Think about other technologies that have come along. So think about television. Television comes out, and it is this wildly successful product. In that case, it was interesting if you think about what the risk was, and let’s just focus on the US. The US, for reasons of physics, initially, there were only three networks: NBC, ABC, CBS. Yeah, they competed a little bit with one another, but they effectively had an oligopoly on this new technology that existed. And so where risk would come from them was actually regulation.

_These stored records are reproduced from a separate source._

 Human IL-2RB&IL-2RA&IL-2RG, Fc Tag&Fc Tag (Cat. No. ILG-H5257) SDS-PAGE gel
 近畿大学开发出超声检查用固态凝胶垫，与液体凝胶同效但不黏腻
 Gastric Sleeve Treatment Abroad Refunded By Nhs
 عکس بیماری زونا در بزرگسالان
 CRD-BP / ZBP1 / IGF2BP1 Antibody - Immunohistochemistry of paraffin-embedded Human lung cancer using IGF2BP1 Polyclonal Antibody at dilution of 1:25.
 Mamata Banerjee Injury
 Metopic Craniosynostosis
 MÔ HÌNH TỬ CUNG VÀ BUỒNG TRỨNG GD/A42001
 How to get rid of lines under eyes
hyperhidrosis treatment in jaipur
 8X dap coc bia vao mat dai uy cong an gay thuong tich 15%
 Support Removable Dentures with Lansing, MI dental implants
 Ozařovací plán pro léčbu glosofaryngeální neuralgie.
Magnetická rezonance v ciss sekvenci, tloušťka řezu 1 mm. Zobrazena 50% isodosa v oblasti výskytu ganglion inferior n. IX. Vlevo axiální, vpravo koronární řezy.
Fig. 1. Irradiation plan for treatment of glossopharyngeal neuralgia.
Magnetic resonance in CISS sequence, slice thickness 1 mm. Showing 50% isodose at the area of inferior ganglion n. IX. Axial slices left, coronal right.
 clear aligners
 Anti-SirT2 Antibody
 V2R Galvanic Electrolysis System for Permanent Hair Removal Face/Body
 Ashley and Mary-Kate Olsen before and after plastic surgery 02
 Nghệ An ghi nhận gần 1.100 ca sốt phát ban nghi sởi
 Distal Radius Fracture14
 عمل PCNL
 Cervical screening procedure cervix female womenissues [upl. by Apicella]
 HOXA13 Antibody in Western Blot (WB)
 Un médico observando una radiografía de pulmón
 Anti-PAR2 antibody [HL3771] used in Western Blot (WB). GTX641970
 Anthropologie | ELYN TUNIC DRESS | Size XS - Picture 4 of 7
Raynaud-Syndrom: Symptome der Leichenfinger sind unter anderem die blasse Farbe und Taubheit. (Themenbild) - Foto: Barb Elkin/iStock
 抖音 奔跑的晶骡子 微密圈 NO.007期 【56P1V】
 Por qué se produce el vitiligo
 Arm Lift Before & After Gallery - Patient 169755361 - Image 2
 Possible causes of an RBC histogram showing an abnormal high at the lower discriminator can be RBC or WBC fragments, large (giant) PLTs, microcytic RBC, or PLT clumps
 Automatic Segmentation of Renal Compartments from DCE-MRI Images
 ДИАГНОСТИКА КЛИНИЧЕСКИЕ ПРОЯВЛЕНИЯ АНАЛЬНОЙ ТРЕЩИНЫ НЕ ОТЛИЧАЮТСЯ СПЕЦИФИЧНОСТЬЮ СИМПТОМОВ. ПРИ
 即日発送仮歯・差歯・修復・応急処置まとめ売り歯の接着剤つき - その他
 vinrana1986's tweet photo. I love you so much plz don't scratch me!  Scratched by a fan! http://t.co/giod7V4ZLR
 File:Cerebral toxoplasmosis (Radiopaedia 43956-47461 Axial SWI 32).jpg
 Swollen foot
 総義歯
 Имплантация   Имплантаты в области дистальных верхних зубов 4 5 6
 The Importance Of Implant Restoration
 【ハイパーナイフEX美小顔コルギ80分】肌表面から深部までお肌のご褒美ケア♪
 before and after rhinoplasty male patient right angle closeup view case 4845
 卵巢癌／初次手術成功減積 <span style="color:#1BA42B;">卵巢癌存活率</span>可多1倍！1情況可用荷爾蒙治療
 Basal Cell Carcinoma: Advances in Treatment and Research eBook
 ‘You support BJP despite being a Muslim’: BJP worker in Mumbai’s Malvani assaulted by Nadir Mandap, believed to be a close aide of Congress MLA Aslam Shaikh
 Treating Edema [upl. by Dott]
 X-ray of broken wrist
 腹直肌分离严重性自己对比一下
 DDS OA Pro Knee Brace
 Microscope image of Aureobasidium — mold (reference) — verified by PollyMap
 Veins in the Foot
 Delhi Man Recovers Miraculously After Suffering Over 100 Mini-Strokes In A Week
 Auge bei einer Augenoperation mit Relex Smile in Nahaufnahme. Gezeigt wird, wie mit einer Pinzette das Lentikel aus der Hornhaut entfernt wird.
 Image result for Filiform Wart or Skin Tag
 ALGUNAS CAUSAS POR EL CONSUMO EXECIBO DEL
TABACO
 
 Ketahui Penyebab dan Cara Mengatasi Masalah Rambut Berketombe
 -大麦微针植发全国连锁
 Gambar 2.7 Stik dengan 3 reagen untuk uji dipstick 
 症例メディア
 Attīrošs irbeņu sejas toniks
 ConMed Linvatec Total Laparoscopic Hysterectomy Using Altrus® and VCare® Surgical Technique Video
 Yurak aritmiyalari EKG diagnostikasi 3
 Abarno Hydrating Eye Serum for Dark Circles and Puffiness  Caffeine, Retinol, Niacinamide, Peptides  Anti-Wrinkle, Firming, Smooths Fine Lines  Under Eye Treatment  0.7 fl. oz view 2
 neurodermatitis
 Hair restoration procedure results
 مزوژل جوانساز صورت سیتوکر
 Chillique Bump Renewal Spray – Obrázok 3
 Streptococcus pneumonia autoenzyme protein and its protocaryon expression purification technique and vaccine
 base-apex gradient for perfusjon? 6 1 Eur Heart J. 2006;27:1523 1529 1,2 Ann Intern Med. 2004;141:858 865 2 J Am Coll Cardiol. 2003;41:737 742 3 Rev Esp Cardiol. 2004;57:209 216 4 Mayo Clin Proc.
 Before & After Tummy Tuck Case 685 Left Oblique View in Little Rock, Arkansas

And so they, as an industry, got together and said, “How can we fend that off in different ways?” And it’s led to all kinds of things. So the fact that all three of those networks still to this day cover both political conventions — the Democrat and the Republican conventions — with the same pool feed, basically, from opening speech to balloon drop at the end, that the vast majority of anchors came from Kansas… way overrepresented because it was the center of the country. Equal time laws weren’t proposed by the government. They were actually proposed by the networks to say, “This is a way to show that we’re radically neutral.” 

That preserved the technology. In some cases, there are a lot of people who will say, “Well, that was great,” and I remember fondly watching Tom Brokaw or whoever growing up as a kid. But there are a lot of voices, whether they were brown voices, female voices, or gay voices, that just didn’t appear on TV in the ’60s, ’70s, and ’80s. So there’s a tradeoff that’s there, and that’s when the regulation is set by Lawrence, Kansas. In a global network, if we start to think about what that regulation looks like, I think that the parade of horribles that we could go down is that we could actually get it set by the lowest common denominator of what every country on Earth wants.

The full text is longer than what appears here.